On Tuesday, Costello said the socially-conservative Abbott would take on the elder statesman role in the Liberal Party when he left. Abbott still has leadership ambitions beyond that.

“The short answer is I think I might,” he told The Daily Telegraph. “If my time is ever to come it will be after the next election.”

Proof of his ambitions is a new book to be launched next month in which Mr Abbott will parade his leadership credentials.

Like Barack Obama’s Dreams From My Father, Abbott’s book will be partly autobiographical. It will discuss the strengths and weaknesses of the Howard government and most importantly set out Tony Abbott’s conservative political philosophy.

Peter Costello spent 20 years in politics but never once set out his political philosophy in such a way.

Paul Keating proved that if you want to sway the votes of your colleagues, you've got to show you're serious by laying out why you want to run the country and how you'd do it differently.

Dearie me, I'm left breathless. Talk about a conflation - Barack Obama with Tony Abbott, and then Tony Abbott with Paul Keating, and then a dire evocation of the new colossus of Rhodes strutting the political stage, his vast shadow looming over the hapless Turnbull.

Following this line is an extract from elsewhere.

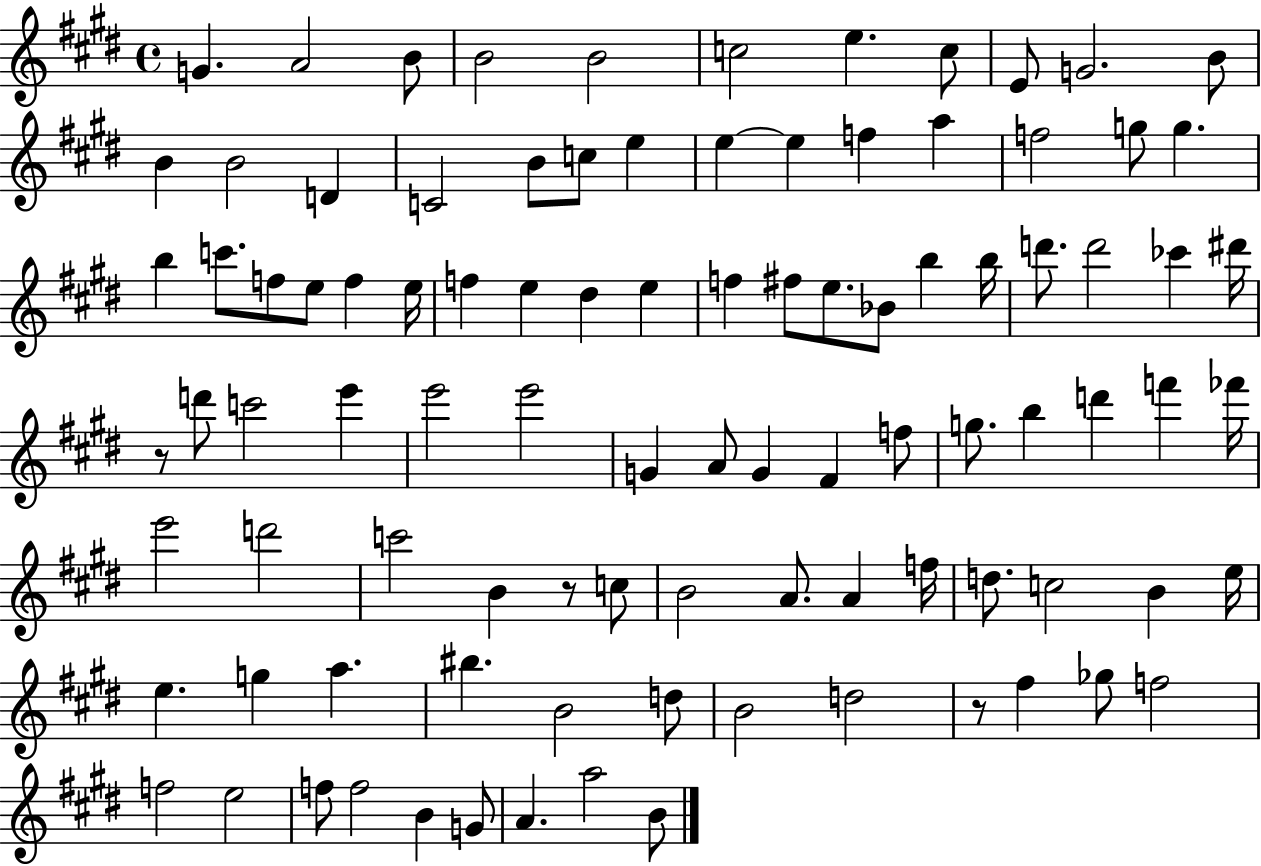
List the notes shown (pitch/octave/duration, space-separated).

G4/q. A4/h B4/e B4/h B4/h C5/h E5/q. C5/e E4/e G4/h. B4/e B4/q B4/h D4/q C4/h B4/e C5/e E5/q E5/q E5/q F5/q A5/q F5/h G5/e G5/q. B5/q C6/e. F5/e E5/e F5/q E5/s F5/q E5/q D#5/q E5/q F5/q F#5/e E5/e. Bb4/e B5/q B5/s D6/e. D6/h CES6/q D#6/s R/e D6/e C6/h E6/q E6/h E6/h G4/q A4/e G4/q F#4/q F5/e G5/e. B5/q D6/q F6/q FES6/s E6/h D6/h C6/h B4/q R/e C5/e B4/h A4/e. A4/q F5/s D5/e. C5/h B4/q E5/s E5/q. G5/q A5/q. BIS5/q. B4/h D5/e B4/h D5/h R/e F#5/q Gb5/e F5/h F5/h E5/h F5/e F5/h B4/q G4/e A4/q. A5/h B4/e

You can see why Turnbull is comparing Rudd’s debt binge with Whitlam’s. Costello’s gone. Now Turnbull must watch out for Abbott.

Oh it all sounds terribly grand, until we flick the channel back to Abbott's latest blog.

That's right, the recently revived feral attack dog is still banging on about the car scandal (I'm so over banging on about gates) in Rudd's mate got red carpet treatment.

Given access to a tabloid readership, this is the best he can do? Every point he makes is derisory and risible, especially when refracted through the reality that the car dealer in question actually got nothing. Nada, zip. At best it was always about a kind of procedural corruption.

It reminds me of the time the chairman of the board sent a couple of his friends to me for special attention, to help them get through the funding process. Being a sensible manager, I extended them every help. Extra meetings, much consultation. They ended up with zip - after all they had to satisfy the board, not just the chairman - and later the chairman went off to take a spell in Her Majesty's board and breakfast service on an unrelated matter. Such is life, so it goes.

Out of the ashes of an attempt to exploit this common kind of governmental interaction - where some people guard money, some people want it, and some  hold the keys - Abbott manages to discover a phoenix rising:

Press Gallery opinion is that this has not been Malcolm Turnbull’s week but I suspect they should revise their judgment. Opposition leaders calling for prime ministers to resign are just doing their job; prime ministers calling for opposition leaders to resign risk seeming slightly hysterical.

Actually Tony, opposition leaders calling for prime ministers to resign on the basis of a fake email aren't just doing their job, they're fucking it up in a grand way. What could have been a winner turned in to a bog swamp. But we love the loyalty. Show us some more:

This is actually the first time that Prime Minister Rudd has been a typical politician, bellowing in parliament that his opponents are corrupt. By contrast, while he was PM, John Howard never lost his dignity and was rarely if ever OTT in his criticism of Labor leaders.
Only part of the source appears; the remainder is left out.